這裡有幾篇重要的文章。第一篇是Sadakichi Hartman在1904年3月的《美國攝影愛好者(American Amateur Photographer)》雜志上發表的《直接攝影之請求(A Plea for Straight Photography)》。Hartman是一位日本出生在德國接受教育的美國藝術評論家(-__-),他曾經是Stieglitz的干將,常常在他的Camera Works雜志上發表文章,可是這時候他卻和Stieglitz幹上了。

Hartmann寫這篇文章的緣由,是因為他在匹茨堡的卡內基學院畫廊(the Art Galleries of the Carnegie Institute, Pittsburgh)看了一個Alfred Stieglitz, Joseph T. Keiley和Eduard J. Steichen三位畫意攝影大師的攝影展,結果這位評論家怒了!Stieglitz強調的畫意攝影,在於其能夠抒發“個人的表達”(individual expression)。因為藝術界為攝影的最大攻擊,就是認為攝影只是機械的復制(mechanical reproduction),沒有藝術家自己的表達。所以Stieglitz所倡導的畫意攝影運動以此為突破口。而他抒發“個人表達”的手段,是使用過分的後期修飾手段,包括刻意柔焦(soft focus)、調色、使用畫筆勾畫某些部分等等。這樣的風格到了一個地步,讓Hartmann認為已經弄得攝影不是攝影,繪畫不是繪畫了!如果是攝影,為什麼模仿繪畫呢?如果是繪畫,為什麼使用攝影的手段呢?這種不倫不類的產品,美學價值何在?

Hartmann在其文章中提出一個觀點,攝影要被承認為藝術,必須是依賴於其自身的特點,而不是去模仿別人。我認為這好比一個人,在小孩的時候牙牙學語,模仿大人的行為,在別人看為可愛聰明,但是長大到一定的程度,若沒有自己的思想,就會被看得低人一等了。攝影也是這樣,在發展的初期,對於自身的個性特徵都不了解,模仿是有益的,但是發展到一定程度,若繼續模仿下去,那麼已經要得到的也會丟失了。

Hartmann定義了直接攝影,就是依賴於你的相機和眼睛、感覺以及構圖的知識,考慮到顏色、光線、陰影,研究線條、影調和空間劃分,耐心等候所拍攝的場景展現其最美好的瞬間(注意!Henry Cartier-Bresson的決定性瞬間,是不是呼之欲出了!);換句話說,就是在拍照的時候考慮好一切,讓底片盡量完美,在後期做很少或者甚至不做修改(相比與畫意攝影所做的極其厚重的修改)。

如同當年Stieglitz關於“畫意攝影”的文章,Hartmann這篇文章也是一篇宣言書,打響了直接攝影顛覆畫意攝影的戰爭。
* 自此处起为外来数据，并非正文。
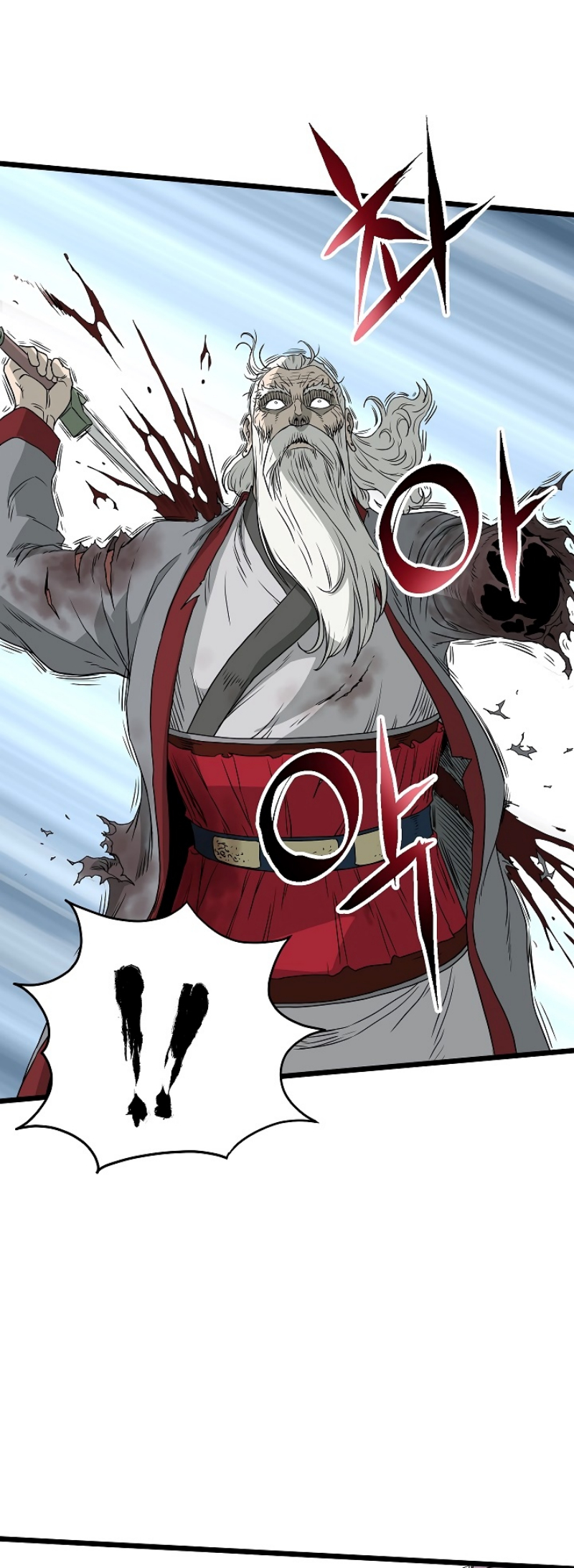 เธญเนเธฒเธเธกเธฑเธเธเธฐ FCmanga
可以說這一結果持續到今天,從20世紀初畫意攝影式微之後,就再也沒有在廣泛的范圍內崛起,如上文所說,畫意攝影在小范圍內一直存在,但是從來沒有再次成為主流。

Hartmann的觀點得到了兩位攝影大師的相應。一位是Paul Strand(保羅·史川德),直接攝影的堅定支持者。Strand於1917年在Seven Arts雜志上撰文,陳述他對於直接攝影的立場。我們前面提到,早期的攝影家對攝影藝術本身是多麼不自信,但是到了Strand的年代,這種自信已經被建立起來。Strand相信,攝影的魅力,在於其作為一種藝術媒介本身的特性。模仿繪畫,是既不了解繪畫,也不了解攝影。不同的媒介不可比,攝影就是攝影,繪畫就是繪畫,不需要通過貶低一個而抬高另一個。

提到Strand,就不得不在此提到Stieglitz的英明。他絕對不是一位畫意攝影的老古董,因為他同時也是直接攝影的開路先鋒。許多年輕的攝影家都是得到了Stieglitz的賞識,Paul Strand也不例外。作為畫意攝影的重要陣地,Camera Works雜志的最後一冊,專門用來刊登Strand這位直接攝影堅定擁護者的作品,由此可見Stieglitz的眼界和胸襟。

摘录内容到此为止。